PROBLEM DETAILS:
Please restate exactly the lines from the one holding "四川省-德阳市-绿地智慧公园城-127.30-户型库-采光通风" to the end of the material, including both ends and excluding every picture.

DATA EXCERPT:

——————

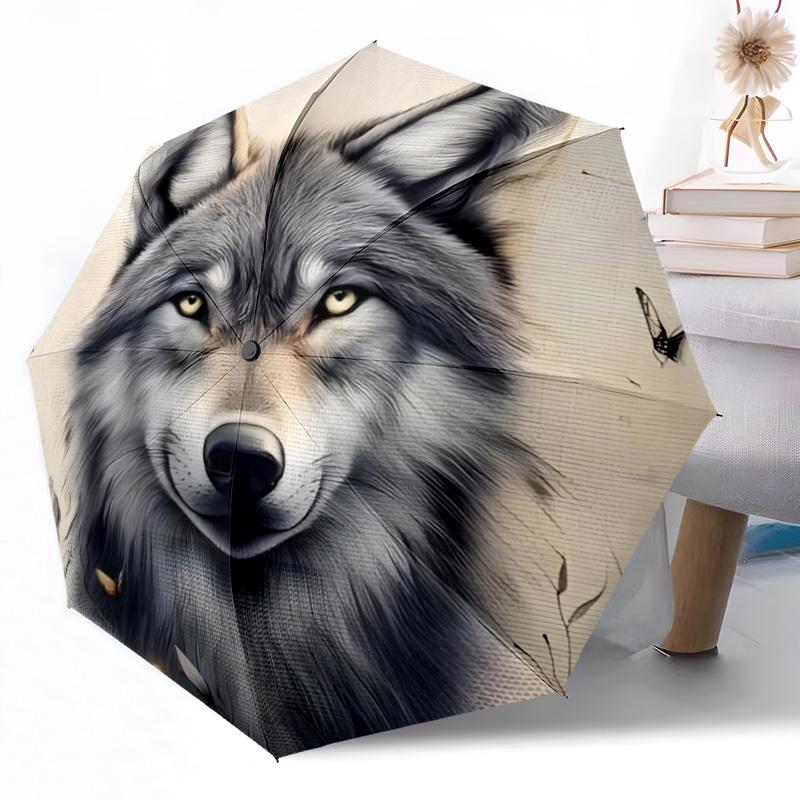 

Wolf Moon Night Art Outdoor Automatic Umbrella Compact 8-Rib Lightweight Foldable Design Durable Everyday Carry Umbrella Vibrant Pattern Umbrella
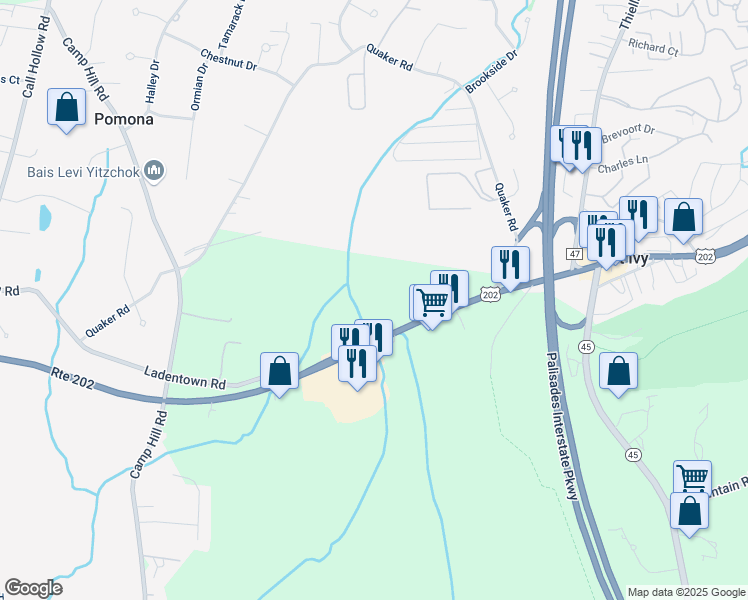 map of restaurants, bars, coffee shops, grocery stores, and more near 1618 Route 202 in Pomona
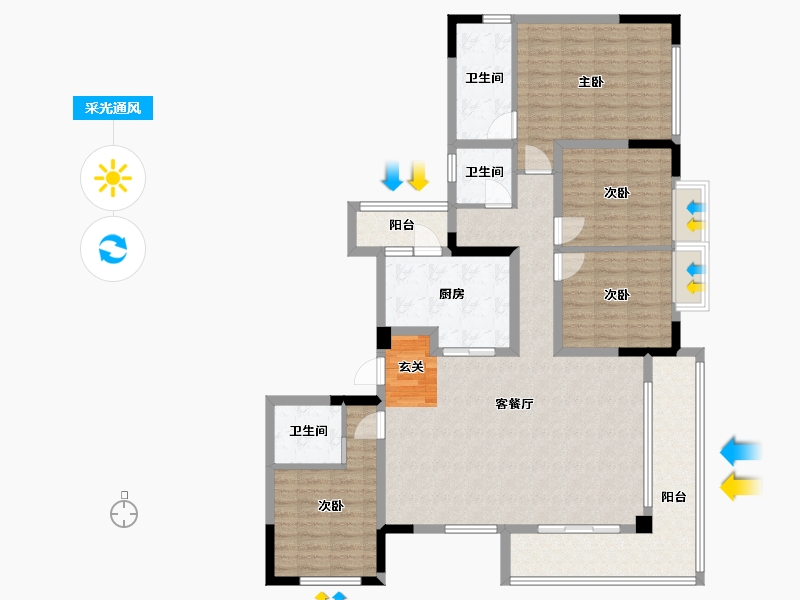 四川省-德阳市-绿地智慧公园城-127.30-户型库-采光通风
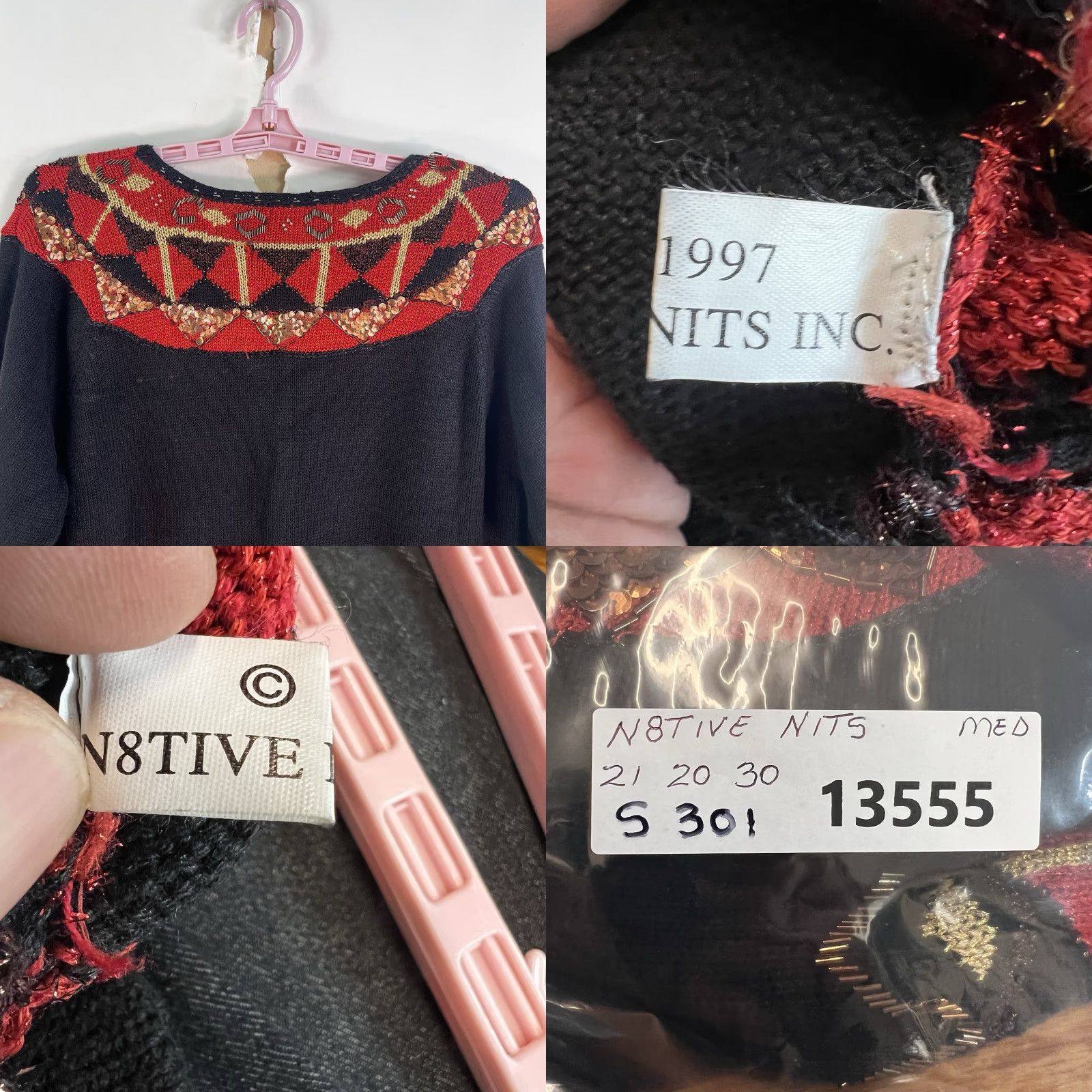 Vintage VINTAGE N8tive Knits Beaded Sweater Shirt Women M Black Red 1980s Sequined Embellished Size M / US 6-8 / IT 42-44 - 8 Thumbnail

——————

RESPONSE:
 四川省-德阳市-绿地智慧公园城-127.30-户型库-采光通风
 Vintage VINTAGE N8tive Knits Beaded Sweater Shirt Women M Black Red 1980s Sequined Embellished Size M / US 6-8 / IT 42-44 - 8 Thumbnail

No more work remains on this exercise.